When we run the above code, we get the following terminal output:
getUserFriends() -- Result:
[
{
"id": 4,
"name": "Sarah"
},
[
{
"id": 201,
"name": "Joanna"
},
{
"id": 301,
"name": "Tricia"
}
]
]
As you can see, the "user" and the "friends" were both gathered asynchronously, in serial.
Once you see the complexity involved in managing the asynchronous iteration of the generator object, you can understand why it's encapsulated. But, when you're first trying to learn about generator functions and how generator iteration works, this encapsulation can make things much more confusing and overly magical. For me, pulling the curtain back, so to speak, makes it possible the follow the logic and build up a proper mental model. And, once I have the right mental model, I can comfortably welcome the encapsulation back into my asynchronous life.
Want to use code from this post? Check out the license.
Reader Comments
@All,
As a quick follow-up to this post, I wanted to take a look at performing parallel data-access inside a workflow-driven generator:
www.bennadel.com/blog/3124-gathering-data-in-parallel-inside-an-asynchronous-generator-based-workflow-in-javascript.htm
I think when we see this kind of yield-based workflow, its going to be very easy to forget or *overlook* that some data can be accessed in parallel. This follow-up post just looks at how tasks that can be run in parallel can be done inside the generator-based workflow so as to leverage the beautiful asynchronous nature of JavaScript.
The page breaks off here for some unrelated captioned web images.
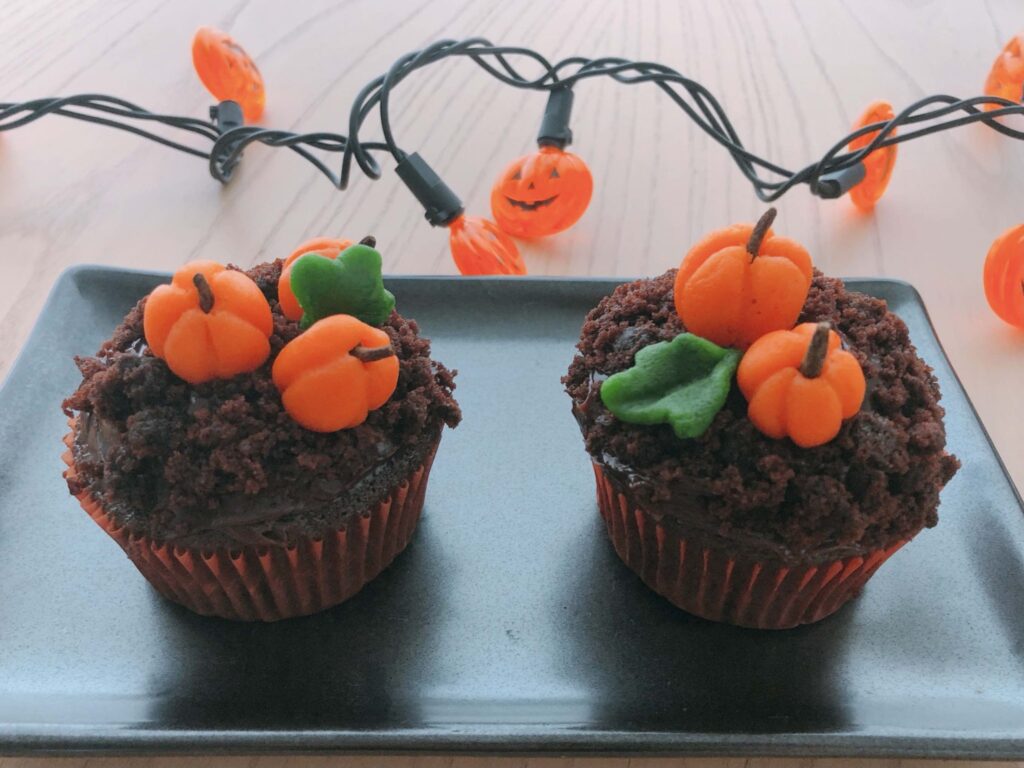 Cupcakes are sprinkled with crushed chocolate cookies for dirt, with pumpkins made from marzipan dough planted on top.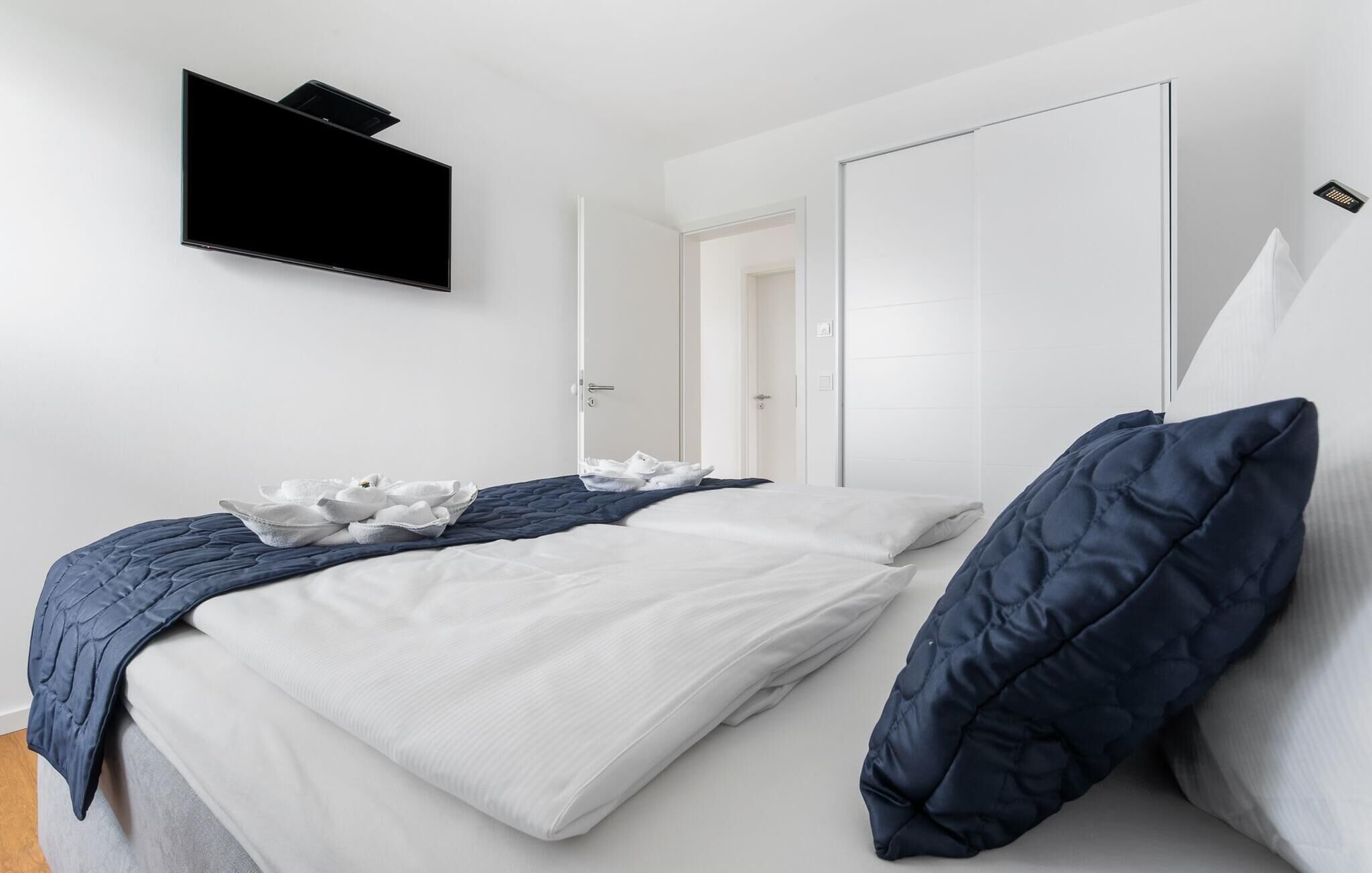 Quarto moderno com cama, paredes brancas, televisão fixada na parede e uma porta que dá para outro espaço.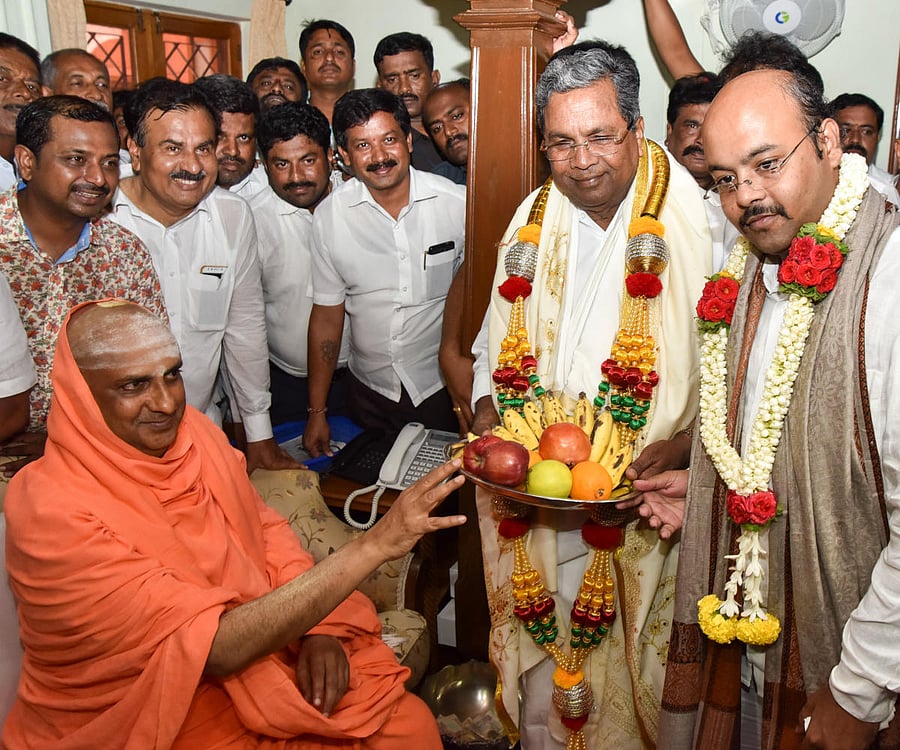 Chief Minister Siddaramaih and his son Yateendra taking blessing from Suttur Mahasamsthana Math Seer Shivarathri Deshikendra Swamiji during visited the Suttur Math in Mysuru on Friday. -Photo by Savitha. B R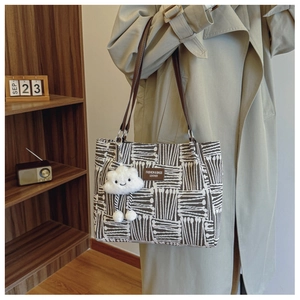 Detail of cream canvas tote bag with black geometric patterns and leather straps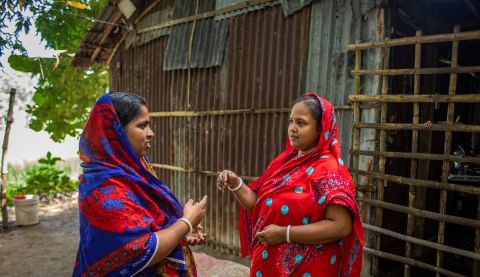 Two women talking to each other face to face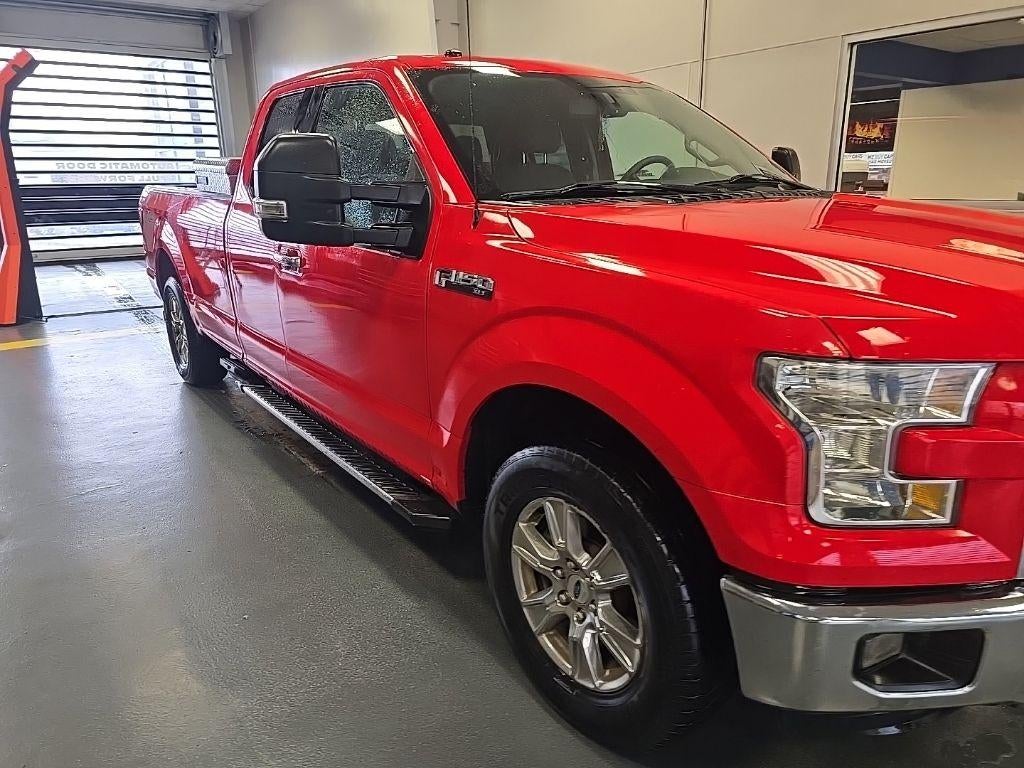 2016 Ford F-150 XLT in Race Red — front three-quarter view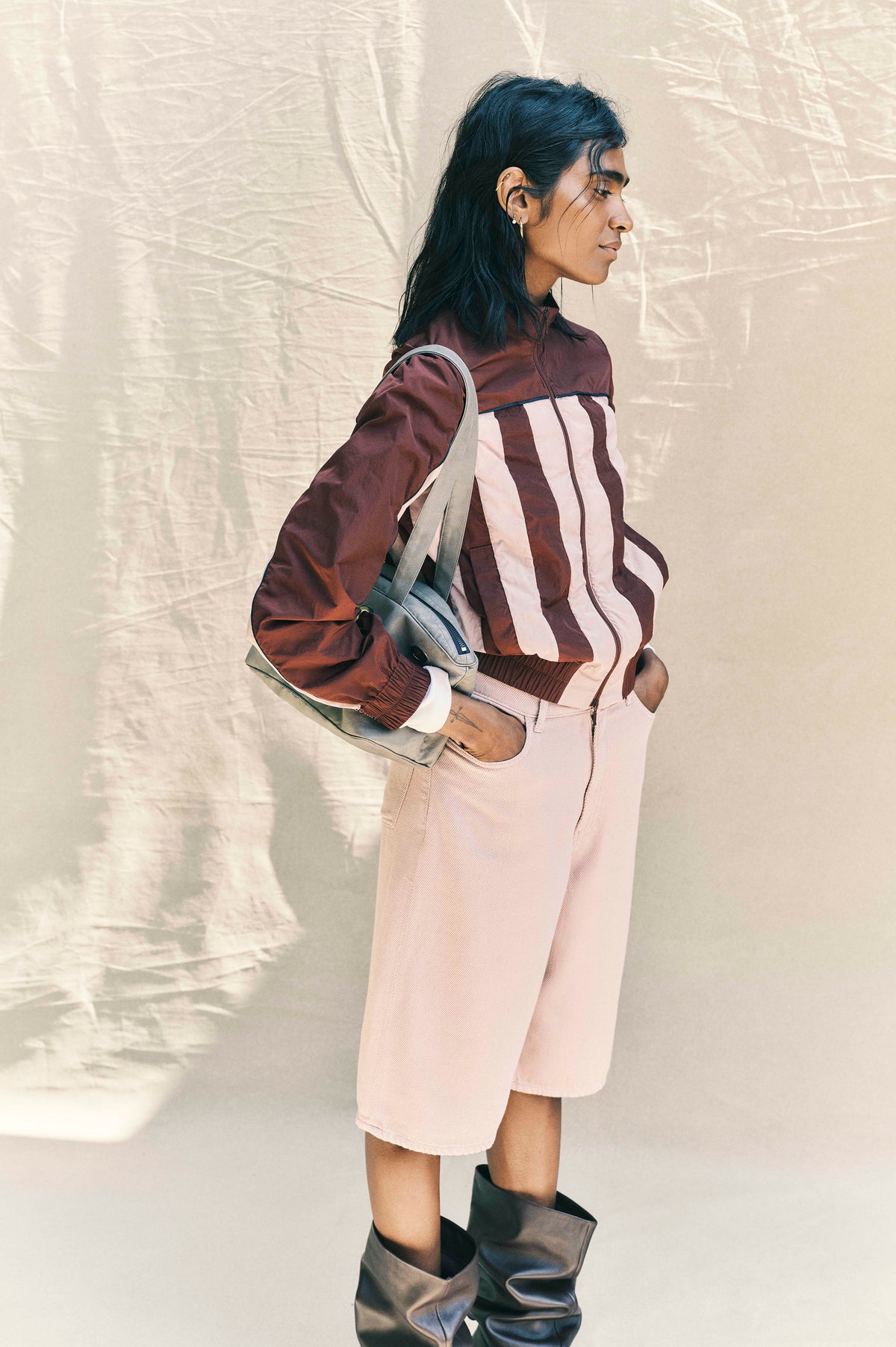 Campaign portrait of a model in a burgundy and pale pink colour-block zip jacket and pale pink shorts, carrying a grey shoulder bag.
What is the point using generators, when result is promise? Why not just use promises here?
@Finch,
If you wanted to, you could totally use promises. And, the generator-based workflow we're using is actually just using promises under the hood (in conjunction with the new "yield" syntax). The difference is really just the look and feel of the code itself. The generator-based workflow gets your code looking a bit more like Synchronous code in a blocking language.
Something that might look like this:
var promise = Q.fcall(
. . function() {
. .
. . . . var a = getAsyncA();
. . . . var b = getAsyncB();
. . . .
. . . . return( Q.all([ a, b ]) );
. .
. . }
)
.spread(
. . function( a, b ) {
. .
. . . . return( a + b )
. .
. . }
);
... could end up being reduced to something like this:
var promise = workflow(
. . function* () {
. .
. . . . var a = yield( getAsyncA() );
. . . . var b = yield( getAsyncB() );
. . . .
. . . . return( a + b );
. .
. . }
);
... functionally, this code is basically the same. But, syntactically, the generator-based workflow is a little more concise and a little more like a blocking, synchronous language.
But, it's just personal preference - one version of the code isn't objectively better. The latter version clearly has more "magic" baked-in, which does make it harder to follow (while ironically perhaps easier to understand).
Very useful.. Thank you..
I noticed that this does not handle nested yields. The work around is not to yield within a generator function but instead use this generator proxy wrapper to call it as a function.
I wonder if this this wrapper could check for iterator return values then returned a recursive invocation of itself.